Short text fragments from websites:
=== Begin Enclosure ===
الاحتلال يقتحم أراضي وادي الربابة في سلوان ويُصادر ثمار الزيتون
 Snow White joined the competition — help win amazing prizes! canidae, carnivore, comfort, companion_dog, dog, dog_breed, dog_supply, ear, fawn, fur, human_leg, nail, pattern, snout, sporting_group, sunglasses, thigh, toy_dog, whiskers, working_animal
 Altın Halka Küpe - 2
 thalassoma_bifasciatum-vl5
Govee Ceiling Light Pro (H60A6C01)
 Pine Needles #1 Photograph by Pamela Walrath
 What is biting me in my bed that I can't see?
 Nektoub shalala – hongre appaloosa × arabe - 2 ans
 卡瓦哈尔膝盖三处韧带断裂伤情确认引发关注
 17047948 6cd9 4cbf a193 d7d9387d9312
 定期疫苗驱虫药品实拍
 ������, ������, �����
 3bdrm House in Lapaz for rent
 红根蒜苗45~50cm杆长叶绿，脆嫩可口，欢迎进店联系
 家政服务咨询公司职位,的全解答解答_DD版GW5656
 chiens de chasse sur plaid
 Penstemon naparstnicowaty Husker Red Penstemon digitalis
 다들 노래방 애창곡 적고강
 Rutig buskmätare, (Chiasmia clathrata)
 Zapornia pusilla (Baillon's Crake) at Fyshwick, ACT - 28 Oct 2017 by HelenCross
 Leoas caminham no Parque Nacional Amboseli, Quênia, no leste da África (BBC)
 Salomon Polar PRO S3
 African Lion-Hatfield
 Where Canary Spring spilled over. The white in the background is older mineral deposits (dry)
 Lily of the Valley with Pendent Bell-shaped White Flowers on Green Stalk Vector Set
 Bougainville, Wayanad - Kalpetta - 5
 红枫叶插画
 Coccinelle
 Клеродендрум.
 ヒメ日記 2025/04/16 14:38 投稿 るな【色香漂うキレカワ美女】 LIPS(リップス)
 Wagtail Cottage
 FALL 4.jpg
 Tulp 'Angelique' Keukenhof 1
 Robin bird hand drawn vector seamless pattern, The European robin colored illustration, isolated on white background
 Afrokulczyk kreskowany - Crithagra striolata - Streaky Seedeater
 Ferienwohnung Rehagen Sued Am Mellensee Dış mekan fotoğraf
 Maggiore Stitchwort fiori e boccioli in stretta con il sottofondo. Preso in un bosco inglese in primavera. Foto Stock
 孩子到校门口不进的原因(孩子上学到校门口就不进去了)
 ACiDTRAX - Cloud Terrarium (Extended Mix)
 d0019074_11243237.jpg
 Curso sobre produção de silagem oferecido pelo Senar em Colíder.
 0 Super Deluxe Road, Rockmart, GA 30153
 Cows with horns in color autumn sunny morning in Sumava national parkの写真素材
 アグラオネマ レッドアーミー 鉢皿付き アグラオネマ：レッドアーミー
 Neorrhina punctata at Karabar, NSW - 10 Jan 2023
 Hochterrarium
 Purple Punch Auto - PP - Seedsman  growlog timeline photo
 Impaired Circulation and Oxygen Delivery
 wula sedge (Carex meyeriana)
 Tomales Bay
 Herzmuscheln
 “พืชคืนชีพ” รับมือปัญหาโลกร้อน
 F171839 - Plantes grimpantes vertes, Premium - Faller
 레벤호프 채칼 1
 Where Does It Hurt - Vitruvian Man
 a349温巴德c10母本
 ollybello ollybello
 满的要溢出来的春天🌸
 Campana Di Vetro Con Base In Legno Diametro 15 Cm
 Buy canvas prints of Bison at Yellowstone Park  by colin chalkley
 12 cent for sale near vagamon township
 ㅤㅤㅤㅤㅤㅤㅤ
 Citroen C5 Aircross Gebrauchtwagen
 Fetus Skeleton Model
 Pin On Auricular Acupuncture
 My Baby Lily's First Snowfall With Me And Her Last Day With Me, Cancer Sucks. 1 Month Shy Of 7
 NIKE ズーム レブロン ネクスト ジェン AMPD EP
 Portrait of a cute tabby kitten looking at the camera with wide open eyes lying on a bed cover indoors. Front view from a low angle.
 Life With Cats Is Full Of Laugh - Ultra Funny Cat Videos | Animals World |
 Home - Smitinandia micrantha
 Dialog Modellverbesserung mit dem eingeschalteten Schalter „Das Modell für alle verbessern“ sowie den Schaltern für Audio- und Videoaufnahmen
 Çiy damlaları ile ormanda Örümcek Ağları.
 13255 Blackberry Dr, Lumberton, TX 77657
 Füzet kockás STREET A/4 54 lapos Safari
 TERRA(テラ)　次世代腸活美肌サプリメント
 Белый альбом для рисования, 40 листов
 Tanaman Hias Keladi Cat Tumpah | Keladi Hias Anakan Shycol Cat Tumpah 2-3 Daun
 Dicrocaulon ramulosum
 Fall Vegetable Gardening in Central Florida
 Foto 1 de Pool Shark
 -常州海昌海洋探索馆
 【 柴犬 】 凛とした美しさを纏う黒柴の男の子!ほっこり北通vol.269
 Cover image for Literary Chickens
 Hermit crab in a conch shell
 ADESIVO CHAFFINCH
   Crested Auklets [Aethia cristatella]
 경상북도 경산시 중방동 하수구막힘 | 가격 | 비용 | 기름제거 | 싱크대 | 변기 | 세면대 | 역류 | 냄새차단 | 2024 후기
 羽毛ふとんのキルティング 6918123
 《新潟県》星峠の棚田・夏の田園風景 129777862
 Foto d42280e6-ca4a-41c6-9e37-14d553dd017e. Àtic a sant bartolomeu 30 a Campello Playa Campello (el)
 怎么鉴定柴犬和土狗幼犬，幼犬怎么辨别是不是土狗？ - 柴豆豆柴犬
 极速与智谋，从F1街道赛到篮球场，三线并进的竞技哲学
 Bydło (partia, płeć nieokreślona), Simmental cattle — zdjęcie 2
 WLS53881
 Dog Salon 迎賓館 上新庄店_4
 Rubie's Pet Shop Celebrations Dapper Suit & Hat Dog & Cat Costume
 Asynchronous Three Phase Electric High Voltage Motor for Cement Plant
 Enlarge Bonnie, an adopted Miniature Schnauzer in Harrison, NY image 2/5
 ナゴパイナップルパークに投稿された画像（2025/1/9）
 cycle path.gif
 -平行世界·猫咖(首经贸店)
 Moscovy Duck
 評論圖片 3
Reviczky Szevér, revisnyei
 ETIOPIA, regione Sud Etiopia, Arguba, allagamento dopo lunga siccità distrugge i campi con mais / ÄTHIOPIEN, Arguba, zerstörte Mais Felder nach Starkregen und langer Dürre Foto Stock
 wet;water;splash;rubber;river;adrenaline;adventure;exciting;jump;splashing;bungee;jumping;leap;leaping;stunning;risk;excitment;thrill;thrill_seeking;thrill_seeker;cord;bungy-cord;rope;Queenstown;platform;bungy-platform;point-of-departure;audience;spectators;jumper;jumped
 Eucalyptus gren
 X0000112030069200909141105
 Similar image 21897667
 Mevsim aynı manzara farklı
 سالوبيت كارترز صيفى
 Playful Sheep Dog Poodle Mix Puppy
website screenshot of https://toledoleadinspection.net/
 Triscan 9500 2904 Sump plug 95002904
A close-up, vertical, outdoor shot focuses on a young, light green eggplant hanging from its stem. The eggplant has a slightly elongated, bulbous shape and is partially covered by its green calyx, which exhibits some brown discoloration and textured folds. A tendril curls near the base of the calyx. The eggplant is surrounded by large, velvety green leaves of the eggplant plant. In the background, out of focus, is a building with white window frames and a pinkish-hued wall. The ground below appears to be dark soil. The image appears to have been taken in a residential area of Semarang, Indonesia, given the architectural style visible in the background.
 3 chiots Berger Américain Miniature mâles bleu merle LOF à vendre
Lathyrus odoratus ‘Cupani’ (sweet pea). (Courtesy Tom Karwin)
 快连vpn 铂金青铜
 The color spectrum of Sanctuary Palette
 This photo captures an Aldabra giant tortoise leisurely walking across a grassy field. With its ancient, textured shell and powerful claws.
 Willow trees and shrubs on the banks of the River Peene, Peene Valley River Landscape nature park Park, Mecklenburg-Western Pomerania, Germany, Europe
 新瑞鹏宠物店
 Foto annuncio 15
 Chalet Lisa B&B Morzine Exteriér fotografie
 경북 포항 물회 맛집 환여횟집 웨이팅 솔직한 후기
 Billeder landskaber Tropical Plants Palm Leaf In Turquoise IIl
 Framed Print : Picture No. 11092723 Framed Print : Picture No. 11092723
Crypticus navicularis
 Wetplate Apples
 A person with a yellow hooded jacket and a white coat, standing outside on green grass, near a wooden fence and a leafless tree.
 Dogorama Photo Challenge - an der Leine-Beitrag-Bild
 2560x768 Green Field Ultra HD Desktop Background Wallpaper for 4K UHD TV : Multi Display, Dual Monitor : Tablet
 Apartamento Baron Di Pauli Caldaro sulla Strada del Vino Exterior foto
=== End Enclosure ===
[Task to carry out]:
Take the line with "2560x768 Green Field" and every line after it in the data, and please reproduce them exactly, leaving out all other lines.

[Your solution]:
 2560x768 Green Field Ultra HD Desktop Background Wallpaper for 4K UHD TV : Multi Display, Dual Monitor : Tablet
 Apartamento Baron Di Pauli Caldaro sulla Strada del Vino Exterior foto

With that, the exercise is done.